Freeze Frame

My sister in law, the mother of my godchildren, is mildly obsessed with documenting the life and times of her kids. My niece and nephew are one and three respectively and she has held at least four, maybe more, portrait sessions at one of those strip mall photography store fronts and has created multiple Shutterfly books for posterity. I have had the good fortune to accompany my extended family on two of the strip mall photography expeditions. And to be clear “good fortune” is defined in this case by my ability to blog about the experience.

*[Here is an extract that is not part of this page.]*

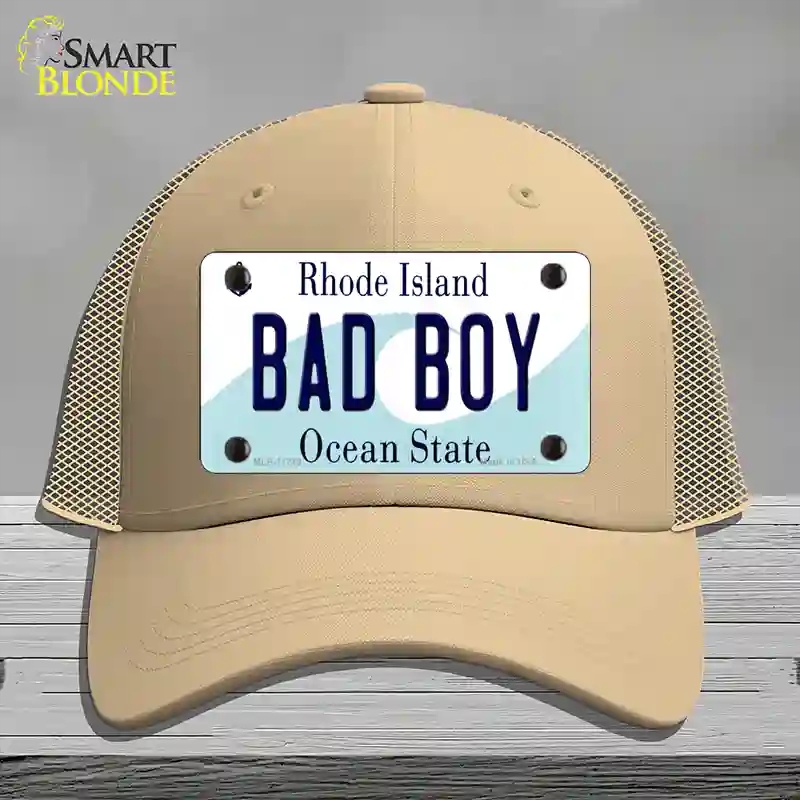 HAT15-MLP-11219 Bad Boy Rhode Island State Novelty License Plate Hat, Mesh - Khaki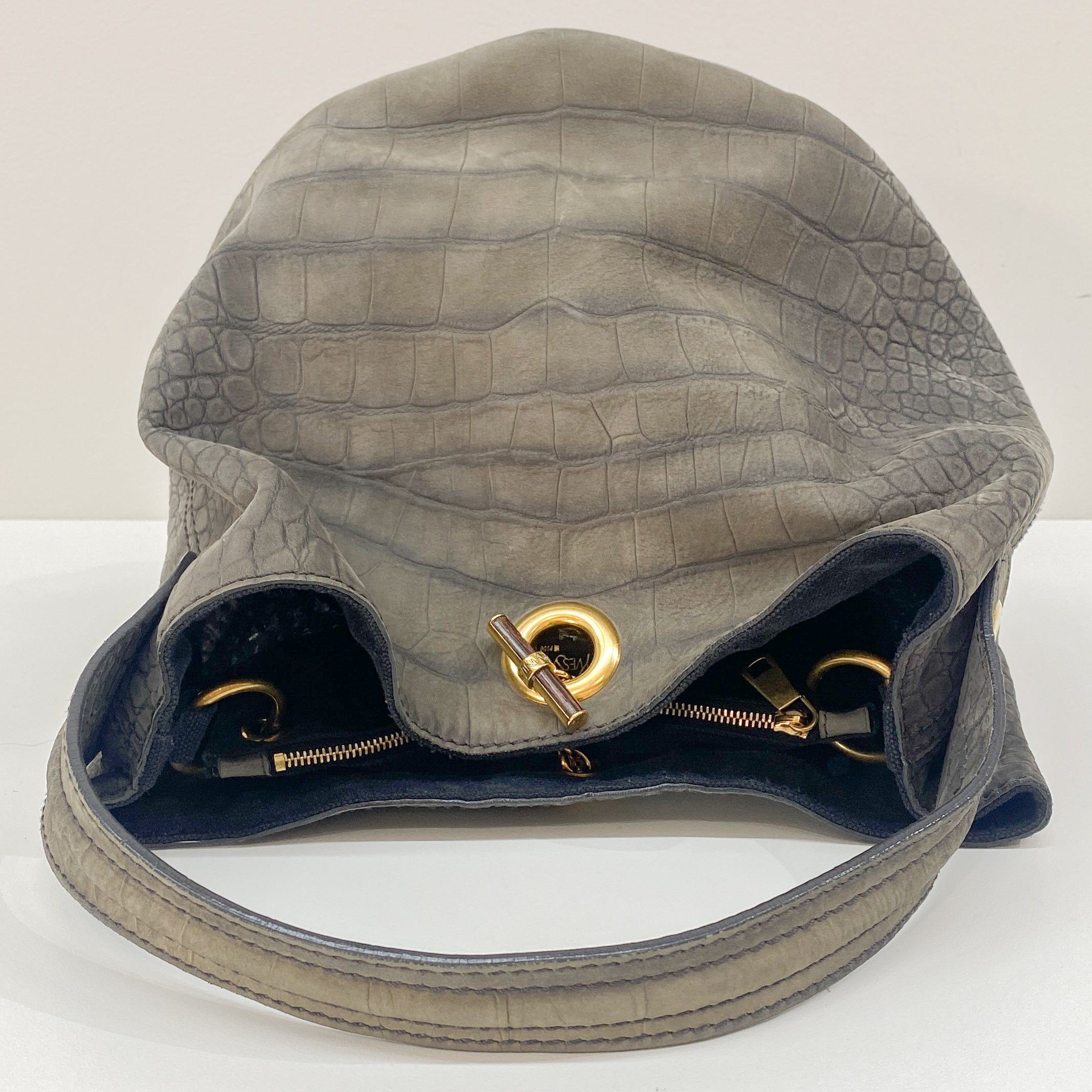 Grey Crocodile Embossed Nubuck Leather Hobo Bag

On our most recent visit our manager was a frenetic fellow who behaved has if his bonus at stake. Each session requires two employees; a photographer and an assistant to coax smiles out of the wailing children. We began with my niece who, while not wailing, was slightly suspicious and was not inclined to smile just because there was a camera pointed at her with a strange woman dancing behind behind it. The manager jumped into our session to replace the assistant in no time. He wasn’t messing around. He had in his arsenal a well rehearsed routine that involved a stuffed kitty flying through the air, landing on someone’s head and flopping around. On at least one occasion the head was mine and Peppy, our over-caffeinated manager, paid no attention to my carefully coiffed hairdo. He proceeded to shuffle us around, using corny lines to manipulate the bewildered children. “OK, can you cross your legs for me? Criss cross applesauce” he said as he crossed my nephew’s legs for him as if he were a Gumby doll. I’m not certain, but I may have seen my nephew’s first eye-roll. If not I was internally eye-rolling enough for all of us.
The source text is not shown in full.